> ACTION ITEM: Transcribe exactly, and without pictures, the lines from the one that contains "Pack of 4 Plastic" through the last line of the material.

> SUPPLIED MATERIAL:

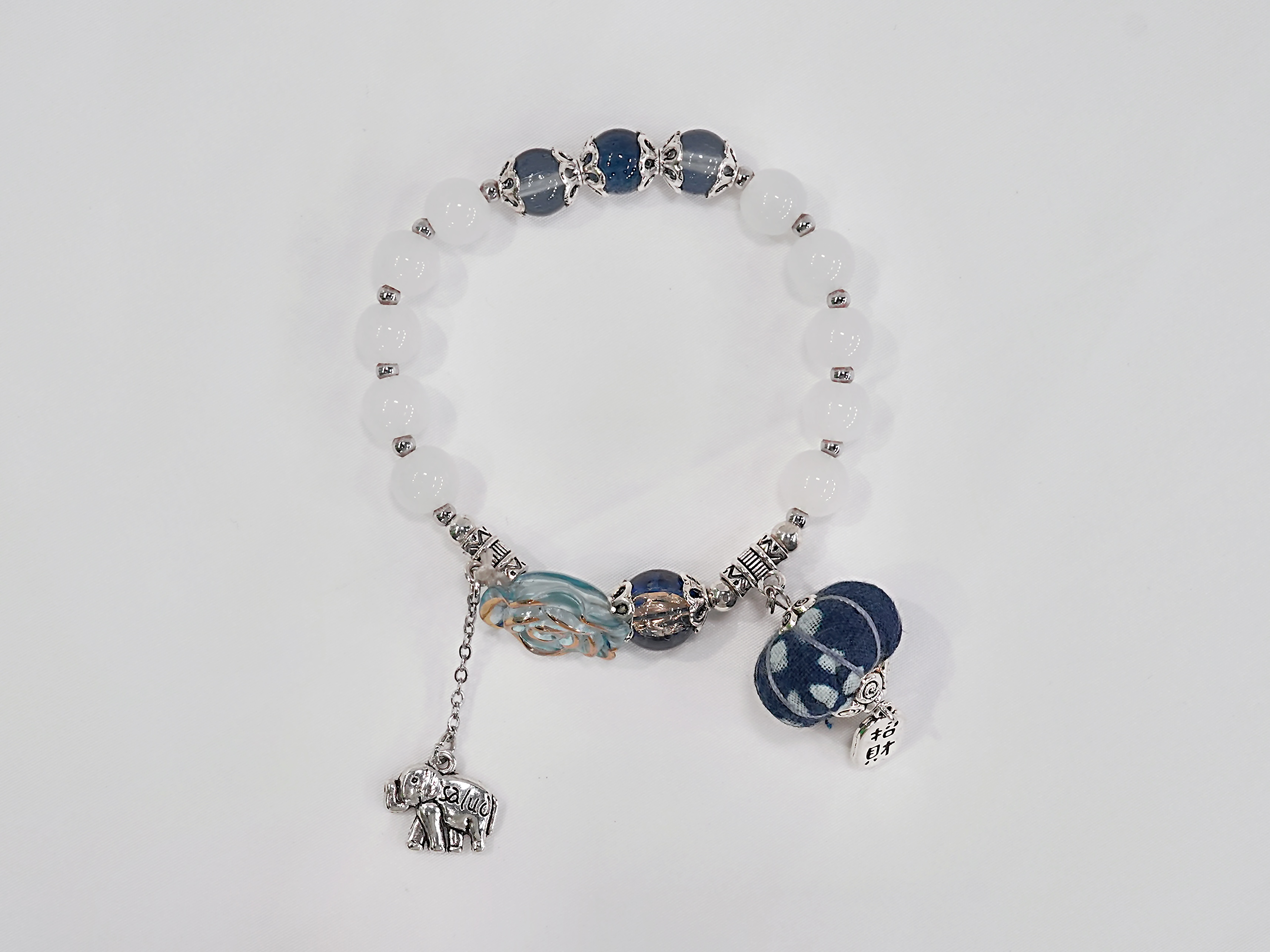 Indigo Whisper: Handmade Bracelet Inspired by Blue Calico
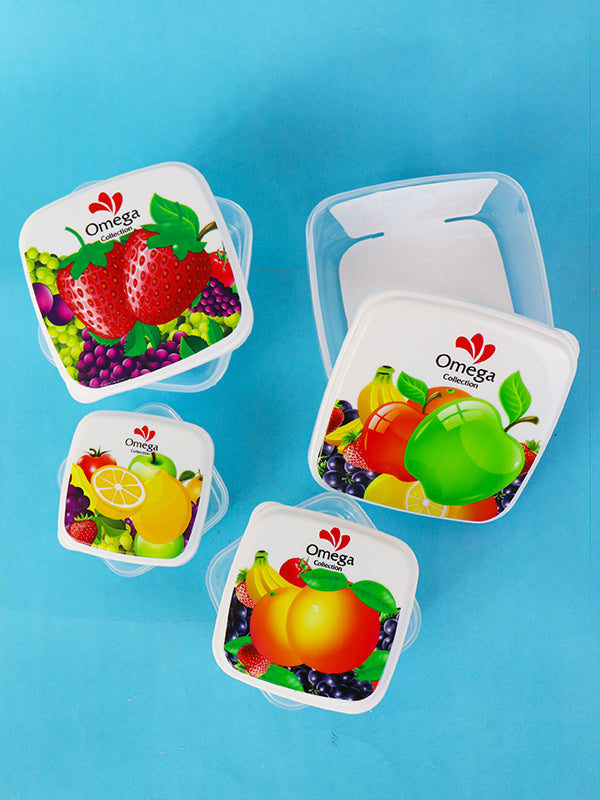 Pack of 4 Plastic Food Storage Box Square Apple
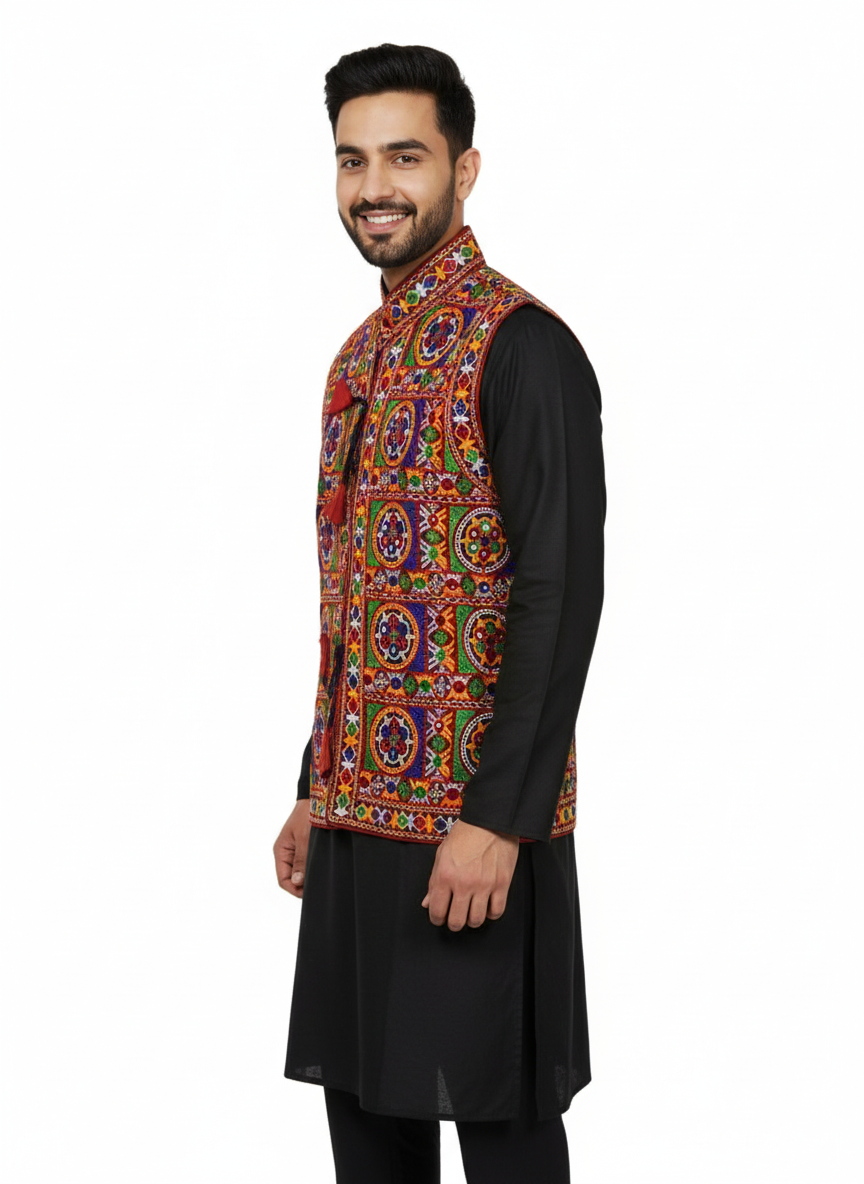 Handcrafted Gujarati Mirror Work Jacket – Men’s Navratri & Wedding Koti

> RESPONSE BOX:
 Pack of 4 Plastic Food Storage Box Square Apple
 Handcrafted Gujarati Mirror Work Jacket – Men’s Navratri & Wedding Koti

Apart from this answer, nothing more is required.